Source material Block Start

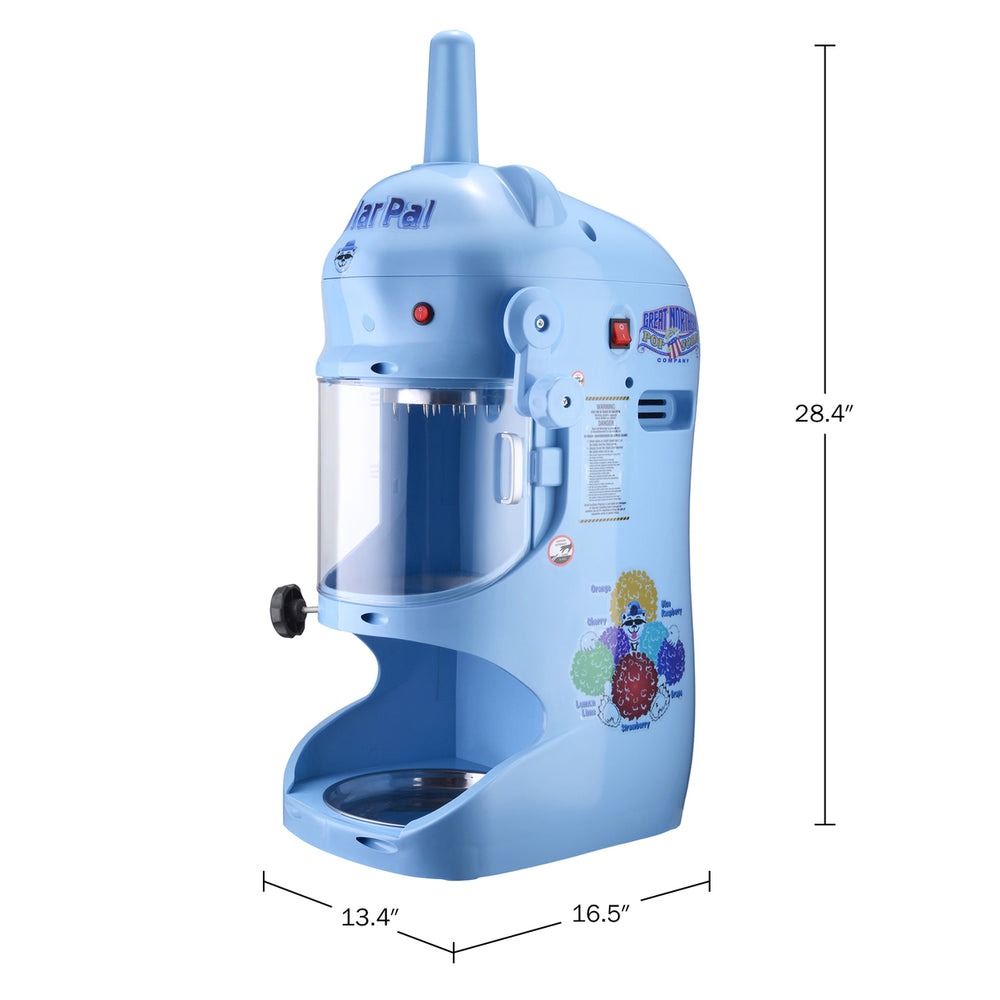 Snow Cone Machine Ice Shaver 250W Motor Countertop Crushed Ice MakerBlue Image 2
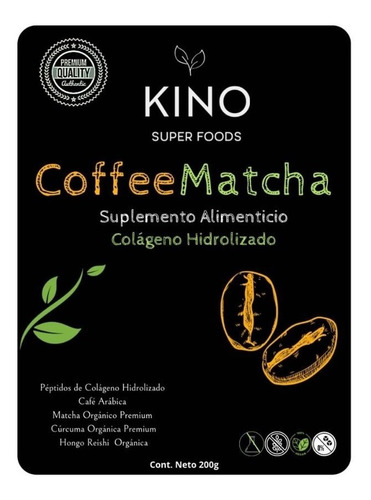 Coffematcha Colágeno Hidrolizado+ Café, Matcha+cúrcuma+reish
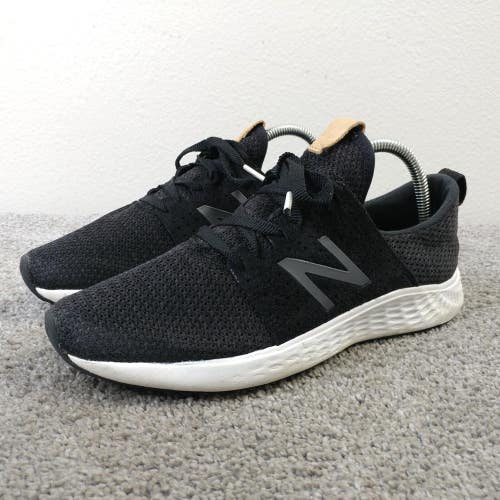 New Balance Fresh Foam Sport V1 Womens Size 8.5 Running Shoes Low Black WSPTLB1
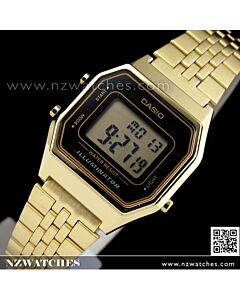 Casio Retro Gold Tone Digital Ladies Watches LA680WGA-1DF, LA680WGA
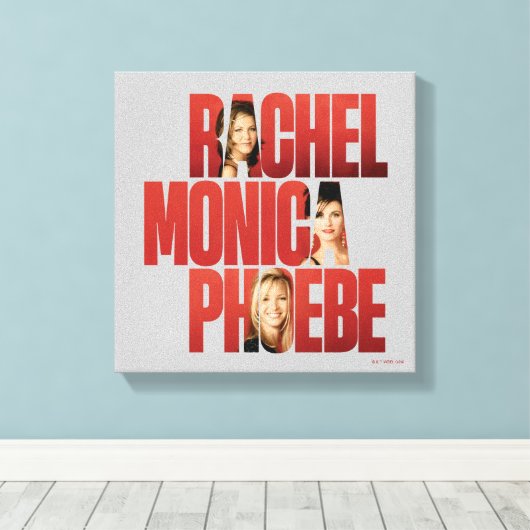 FRIENDS™ | Rachel, Monica & Phoebe Canvas Afdruk (Insitu (Houten vloer))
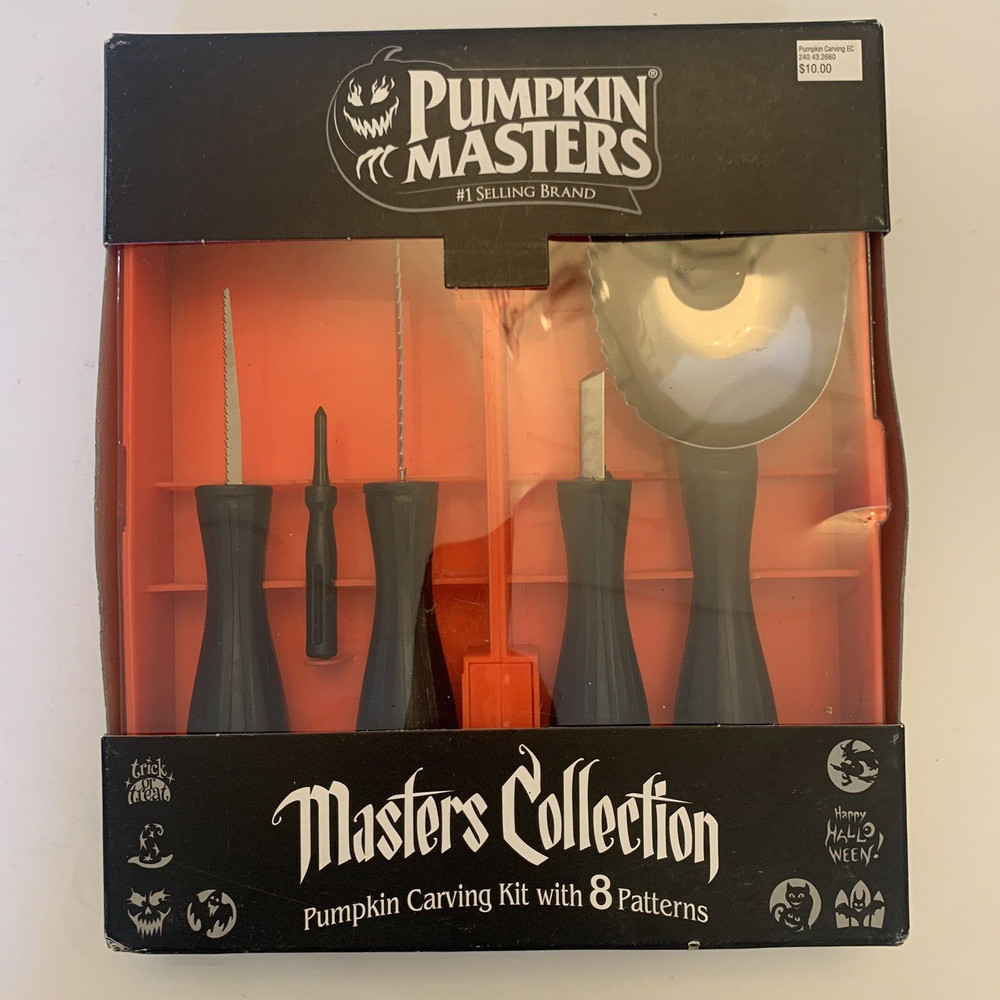 Pumpkin Masters Masters Collection Pumpkin Carving Kit, 5 Tools, Pattern Oty.2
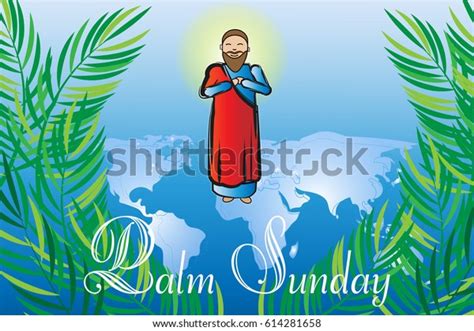 Happy Palm Sunday World Stock Illustration 614281658 Shutterstock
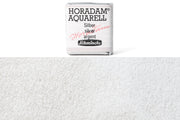 Schmincke - Horadam Watercolor Half Pan, #894 Silver - St. Louis Art Supply
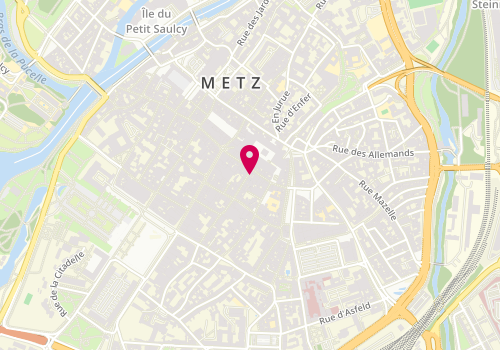 Plan de Comptoir des Cotonniers, 25 Rue de la Tête d'Or, 57000 Metz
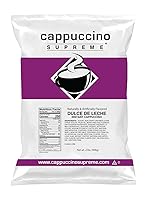 Vista 1 de Cappuccino Supreme Bolsa de 2 lb Dulce de Leche Instant Cappuccino Mix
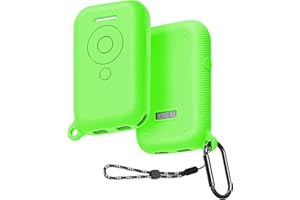 DLseego Protecteur Cover pour XREAL Beam,Coque en Silicone Protection Complète Coque Anti-Rayures Absorption des Chocs Housse Cover pour XREAL Air avec Porte-Clés et Dragonne -Vert Lumineux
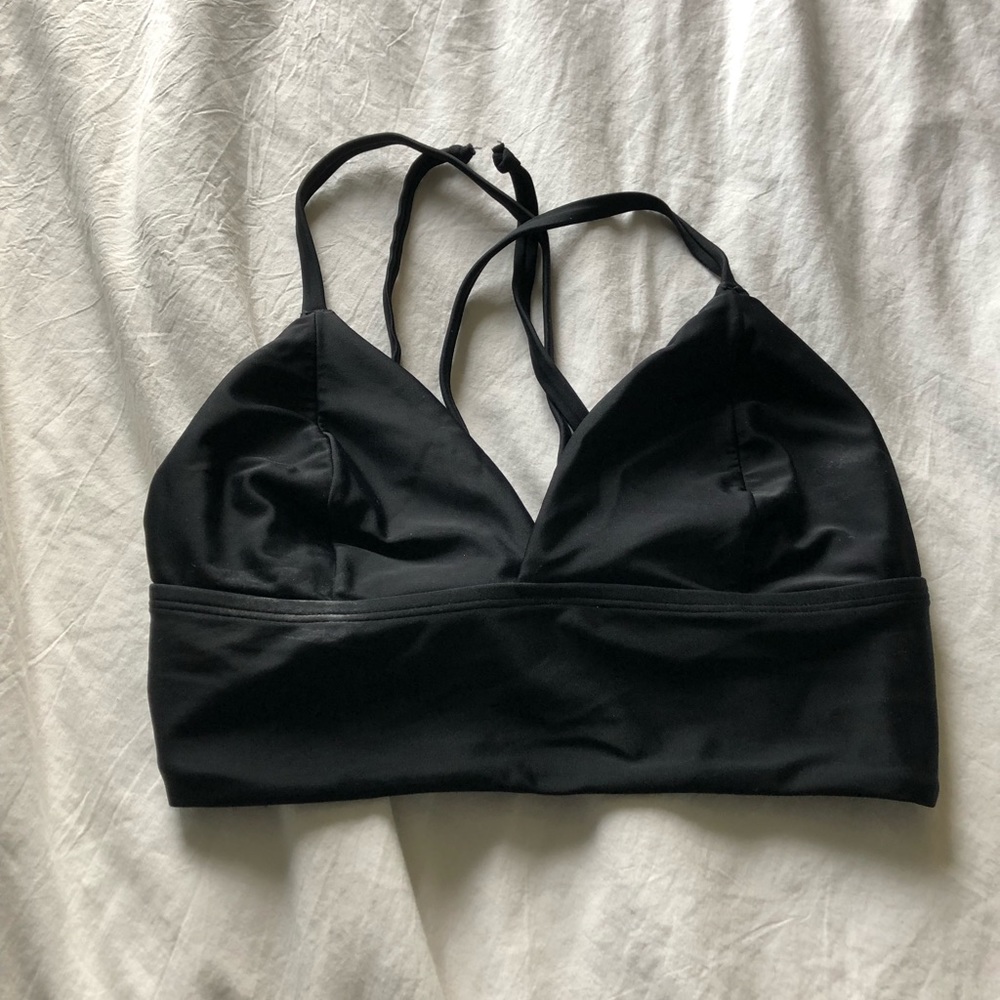 Black hollister bikini top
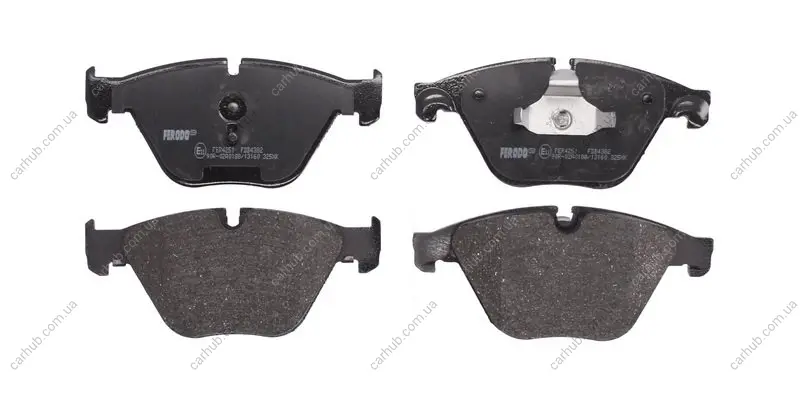 Комплект гальмівних колодок передн, BMW 5 (F10), 5 (F11), 5 GRAN TURISMO (F07), 6 (F12), 6 (F13), 6 GRAN COUPE (F06), 7 (F01, F02, F03, F04) 2.0-3.0D 09.08-10.18 FERODO FDB4382 (фото 1)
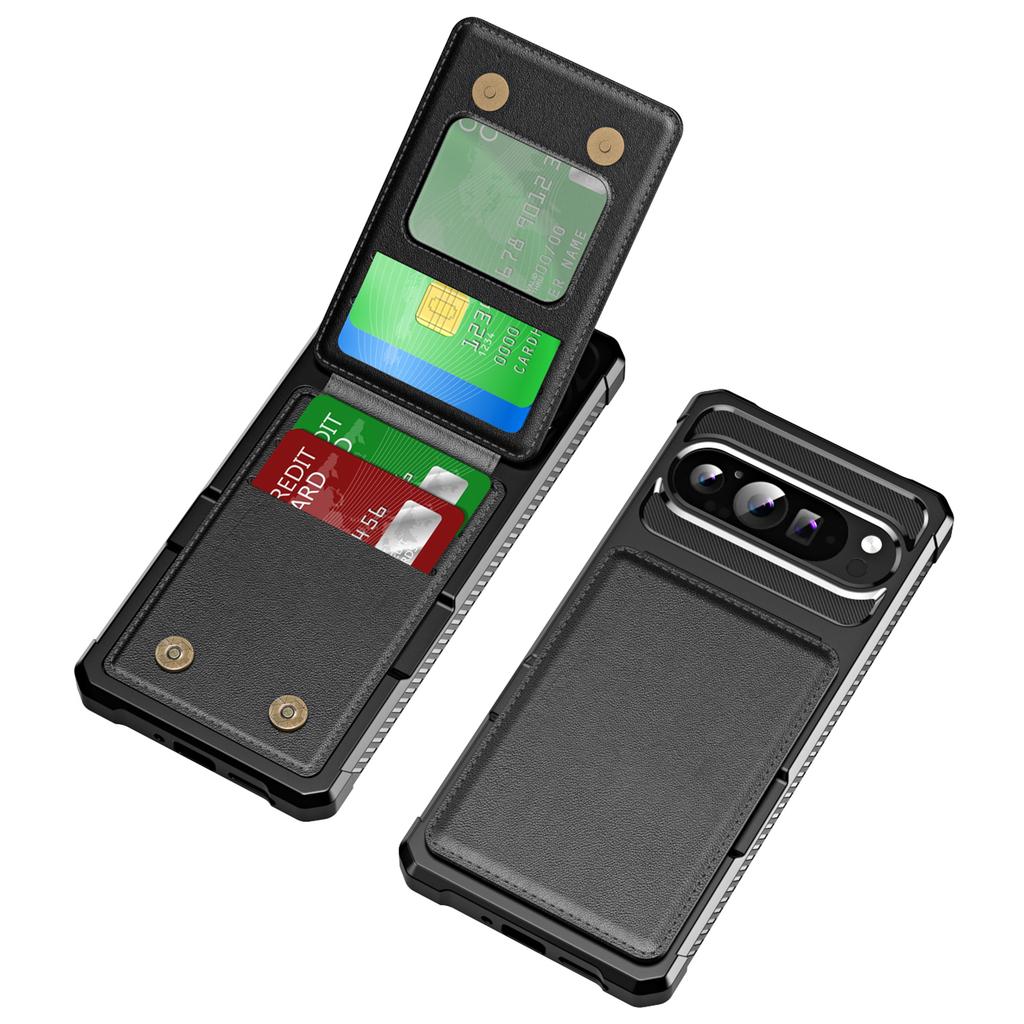 ZM11 For Google Pixel 9 Pro/9 Case Card Slot Kickstand PU+TPU Phone Cover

Source material Block End

Task directions: Retype verbatim only the lines beginning with the line that contains "Vista 1 de Cappuccino" and ending with the last line of the listing above; pictures are to be excluded.

Written answer:
 Vista 1 de Cappuccino Supreme Bolsa de 2 lb Dulce de Leche Instant Cappuccino Mix
 DLseego Protecteur Cover pour XREAL Beam,Coque en Silicone Protection Complète Coque Anti-Rayures Absorption des Chocs Housse Cover pour XREAL Air avec Porte-Clés et Dragonne -Vert Lumineux
 Black hollister bikini top
 Комплект гальмівних колодок передн, BMW 5 (F10), 5 (F11), 5 GRAN TURISMO (F07), 6 (F12), 6 (F13), 6 GRAN COUPE (F06), 7 (F01, F02, F03, F04) 2.0-3.0D 09.08-10.18 FERODO FDB4382 (фото 1)
 ZM11 For Google Pixel 9 Pro/9 Case Card Slot Kickstand PU+TPU Phone Cover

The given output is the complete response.